The majority of the members of Democratic presidential frontrunner Hillary Clinton’s National Finance Committee are also massive donors to the Clinton Foundation, according to a Washington Free Beacon analysis.
Of the 123 members of the National Finance Committee that were announced by the campaign on Wednesday, 72 are also listed donors to the Clinton Foundation. Together, they have contributed between $56.7 million and $100.4 million to the foundation.
Most of the contributions to the Clinton Foundation came just as Clinton’s official campaign was ramping up. Fifty-four of the 72 National Finance Committee members that have given money to the foundation made their contributions as recently as 2014.
Each of the "Hillblazers" listed by the campaign has raised at least $100,000 for Clinton thus far, though the campaign chose not to disclose exactly how much each has raised. Some, such as Chicago media mogul Fred Eychaner and investor Susie Tompkins Buell, have also personally hosted fundraisers for Clinton’s campaign.
While this bundler disclosure was voluntary, the campaign was required to file to the Federal Election Commission a list of all the registered lobbyists that have bundled contributions for Clinton, even if they raised less than $100,000.
Among the lobbyists fundraising for Clinton, 22 are either employed by a company that has contributed or have contributed individually to the Clinton Foundation.
Included on the list are five lobbyists from Akin Gump, which has contributed between $10,000 and $25,000 to the Clinton Foundation, and two lobbyists from DLA Piper, which has contributed between $50,000 and $100,000.
One lobbyist from each Cheniere Energy ($250,000 to $500,000), ExxonMobil ($1,000,000 to $5,000,000), Starbucks ($50,000 to $100,000), Corning Incorporated ($100,000 to $250,000), and the Edison Electric Institute ($1,000 to $5,000) is listed as a fundraiser for the Clinton campaign.
The Clinton Foundation received a total between $106,000 and $240,000 from the 11 lobbyist fundraisers that have made individual contributions.
According Ken Boehm, chairman of the National Legal and Policy Center, an ethics watchdog group, the overlap underscores the political nature of the foundation’s work.

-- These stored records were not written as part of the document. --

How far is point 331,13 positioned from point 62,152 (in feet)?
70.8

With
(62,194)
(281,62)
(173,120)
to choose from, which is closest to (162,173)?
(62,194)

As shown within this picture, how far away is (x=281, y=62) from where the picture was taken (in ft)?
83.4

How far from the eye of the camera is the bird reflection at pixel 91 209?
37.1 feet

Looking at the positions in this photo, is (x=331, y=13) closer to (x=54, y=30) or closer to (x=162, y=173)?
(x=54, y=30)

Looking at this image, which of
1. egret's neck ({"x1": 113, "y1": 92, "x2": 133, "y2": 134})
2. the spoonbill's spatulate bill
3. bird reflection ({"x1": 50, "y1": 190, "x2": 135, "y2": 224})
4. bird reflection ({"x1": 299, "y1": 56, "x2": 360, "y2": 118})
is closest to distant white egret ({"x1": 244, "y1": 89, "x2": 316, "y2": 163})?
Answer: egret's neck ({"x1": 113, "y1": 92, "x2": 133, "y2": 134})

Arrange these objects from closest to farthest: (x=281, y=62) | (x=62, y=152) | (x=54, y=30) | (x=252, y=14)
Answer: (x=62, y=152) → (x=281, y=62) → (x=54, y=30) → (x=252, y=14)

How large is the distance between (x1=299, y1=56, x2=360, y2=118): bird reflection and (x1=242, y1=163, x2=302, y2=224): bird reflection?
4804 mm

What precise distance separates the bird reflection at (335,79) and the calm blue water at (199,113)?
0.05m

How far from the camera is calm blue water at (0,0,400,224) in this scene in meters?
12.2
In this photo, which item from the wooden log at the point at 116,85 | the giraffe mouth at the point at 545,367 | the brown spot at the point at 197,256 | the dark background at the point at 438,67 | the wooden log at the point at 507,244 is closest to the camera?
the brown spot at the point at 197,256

"With each additional story on the Clinton Foundation, it becomes clearer that it was used by the Clintons as both a part of their political machine as well as part of the lucrative speaking fee arrangements that enriched the couple personally," Boehm said in an email.
The sizable overlap between Clinton’s campaign bundlers and donors to her family’s foundation could also fuel the perception that the foundation has served as a vehicle for the former secretary of state’s political ambitions.

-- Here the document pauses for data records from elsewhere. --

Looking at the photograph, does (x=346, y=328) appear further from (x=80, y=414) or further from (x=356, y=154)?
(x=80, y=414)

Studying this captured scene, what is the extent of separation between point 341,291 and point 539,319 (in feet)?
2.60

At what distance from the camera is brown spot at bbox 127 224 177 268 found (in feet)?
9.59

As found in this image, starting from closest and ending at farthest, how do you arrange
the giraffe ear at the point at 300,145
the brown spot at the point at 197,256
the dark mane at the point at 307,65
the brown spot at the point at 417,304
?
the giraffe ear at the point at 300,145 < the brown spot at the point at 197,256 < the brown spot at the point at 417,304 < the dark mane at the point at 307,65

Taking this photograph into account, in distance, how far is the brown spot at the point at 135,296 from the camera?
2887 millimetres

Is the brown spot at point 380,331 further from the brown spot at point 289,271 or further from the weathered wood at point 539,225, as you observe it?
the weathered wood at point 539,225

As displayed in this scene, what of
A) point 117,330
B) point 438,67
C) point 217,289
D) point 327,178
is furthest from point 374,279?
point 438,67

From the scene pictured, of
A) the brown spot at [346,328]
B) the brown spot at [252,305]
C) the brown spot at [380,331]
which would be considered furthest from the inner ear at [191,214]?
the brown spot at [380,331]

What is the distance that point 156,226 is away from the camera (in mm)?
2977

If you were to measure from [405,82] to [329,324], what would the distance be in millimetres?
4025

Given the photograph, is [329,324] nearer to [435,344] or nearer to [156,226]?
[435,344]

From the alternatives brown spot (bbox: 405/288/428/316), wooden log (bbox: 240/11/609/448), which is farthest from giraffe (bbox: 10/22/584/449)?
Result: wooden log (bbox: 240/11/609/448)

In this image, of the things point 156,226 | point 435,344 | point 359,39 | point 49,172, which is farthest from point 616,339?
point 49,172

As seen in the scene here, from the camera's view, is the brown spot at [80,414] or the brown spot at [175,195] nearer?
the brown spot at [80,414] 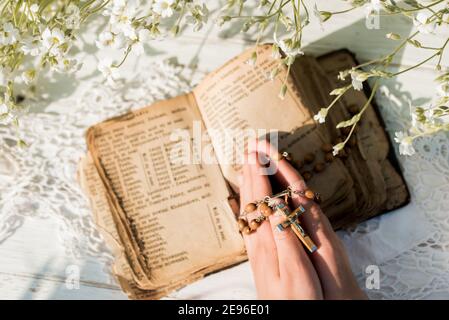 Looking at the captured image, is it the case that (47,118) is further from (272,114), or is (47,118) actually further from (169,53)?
(272,114)

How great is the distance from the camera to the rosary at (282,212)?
102 centimetres

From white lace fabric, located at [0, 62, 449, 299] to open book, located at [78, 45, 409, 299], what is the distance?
4cm

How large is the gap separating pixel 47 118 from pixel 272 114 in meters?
0.54

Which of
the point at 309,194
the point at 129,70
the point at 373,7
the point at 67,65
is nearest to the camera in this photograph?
the point at 373,7

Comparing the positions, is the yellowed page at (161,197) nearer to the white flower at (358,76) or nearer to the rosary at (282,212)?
the rosary at (282,212)

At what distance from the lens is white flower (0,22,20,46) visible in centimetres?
87

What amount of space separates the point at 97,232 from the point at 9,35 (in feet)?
1.61

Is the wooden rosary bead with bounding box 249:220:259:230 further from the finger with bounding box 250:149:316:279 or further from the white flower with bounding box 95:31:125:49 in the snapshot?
the white flower with bounding box 95:31:125:49

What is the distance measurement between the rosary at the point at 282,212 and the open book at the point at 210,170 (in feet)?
0.18

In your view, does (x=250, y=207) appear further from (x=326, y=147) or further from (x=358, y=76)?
(x=358, y=76)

That allegation was spelled out in detail in Hoover Institution fellow Peter Schweizer’s recent book Clinton Cash, which investigated the Clinton-backed policies that benefitted foundation donors.
"Perhaps the most important function of the foundation is to bolster Bill and Hillary’s reputations as global humanitarians by bringing relief and care to people all over the world," Schweizer wrote.
"This reputation not only flatters the ex-president’s ego and benefits Hillary’s political career, but it also has real value both in terms of global influence and financial reward."
Clinton officially resigned from the foundation in April after the launch of her presidential campaign. But critics say its work—and the funds that support it—benefits her political image.
"The foundation was heavily staffed with political operatives and the fund raising efforts overlapped heavily with the Clinton donor base," Boehm noted. "It sure looks like the foundation provided a means for the Clintons to continue to mesh their political and fundraising teams."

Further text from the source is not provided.